PySpark- An Introduction to Apache Spark

PySpark is the Python API for Apache Spark. It enables us to perform real-time, large-scale data processing in a distributed environment using Python. It also provides a PySpark shell for interactively analyzing your data.

First, we must install the pyspark, to install PySpark using the pip use the following command:
pip install pyspark

In PySpark, the pyspark.sql.functions module is a collection of built-in functions that are essential for data manipulation and transformation when working with Spark DataFrames. By importing these functions, we can perform a wide range of operations on our data, such as filtering, aggregating, modifying, and creating new columns.

Use the following command to import the module.
from pyspark.sql.functions import *

The entry point into all functionality in Spark is the SparkSession class. To create a basic SparkSession, just use SparkSession.builder:

Python

# Import the SparkSession module
from pyspark.sql import SparkSession

# Initialize a Spark session
spark = SparkSession \
    .builder \
    .appName("Python Spark SQL basic example") \
    .config("spark.some.config.option", "some-value") \
    .getOrCreate()

Python

from pyspark.sql import SparkSession

spark = SparkSession.builder \
    .appName("App Name") \
    .getOrCreate()

Python

from pyspark.sql import SparkSession

spark = SparkSession.builder.appName("App Name").getOrCreate()

Use coalesce() function

The coalesce() function in PySpark is used to reduce the number of partitions in a DataFrame. It's a key function for optimizing the performance and resource utilization of your distributed data processing.

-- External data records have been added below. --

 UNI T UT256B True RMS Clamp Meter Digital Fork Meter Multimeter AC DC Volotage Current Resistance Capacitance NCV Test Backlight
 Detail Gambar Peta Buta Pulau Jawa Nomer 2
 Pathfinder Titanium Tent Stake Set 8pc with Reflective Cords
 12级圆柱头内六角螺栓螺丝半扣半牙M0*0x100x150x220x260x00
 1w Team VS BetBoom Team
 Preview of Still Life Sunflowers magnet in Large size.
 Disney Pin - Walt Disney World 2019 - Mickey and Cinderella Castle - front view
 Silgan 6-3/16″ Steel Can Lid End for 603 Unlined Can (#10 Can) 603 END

What is Partitioning? When we create a DataFrame or read data into Spark, Spark automatically splits the data into partitions. These partitions are distributed across multiple nodes (in a cluster) or cores (in a local machine) for parallel processing. The number of partitions determines how much parallelism Spark can use.

However, in certain scenarios, having too many partitions can cause inefficiency because each partition introduces some overhead. This is where coalesce() comes in.

Example: Let's assume that after some transformations, our DataFrame data has 10 partitions, but we want to write it into a single CSV file. Spark will write each partition as a separate file by default, but we can use coalesce(1) to combine all the data into one partition, so only one file will be written.

Python

data.coalesce(1).write.csv(output_path, header=True, mode='overwrite')

Explanation:

coalesce(1): This reduces the number of partitions to 1, meaning all the data will be written into a single file (which can be useful when you want only one output file, such as for CSV).
.write.csv(): This writes the data to the specified output_path.
header=True: Includes the column names as the header in the output CSV file.
mode='overwrite': This overwrites any existing files at the specified output path.

Stop Spark Session

To stop the Spark session, use the syntax spark.stop(), it releases the resources used by the Spark application. It’s a good practice to stop the session when all operations are complete.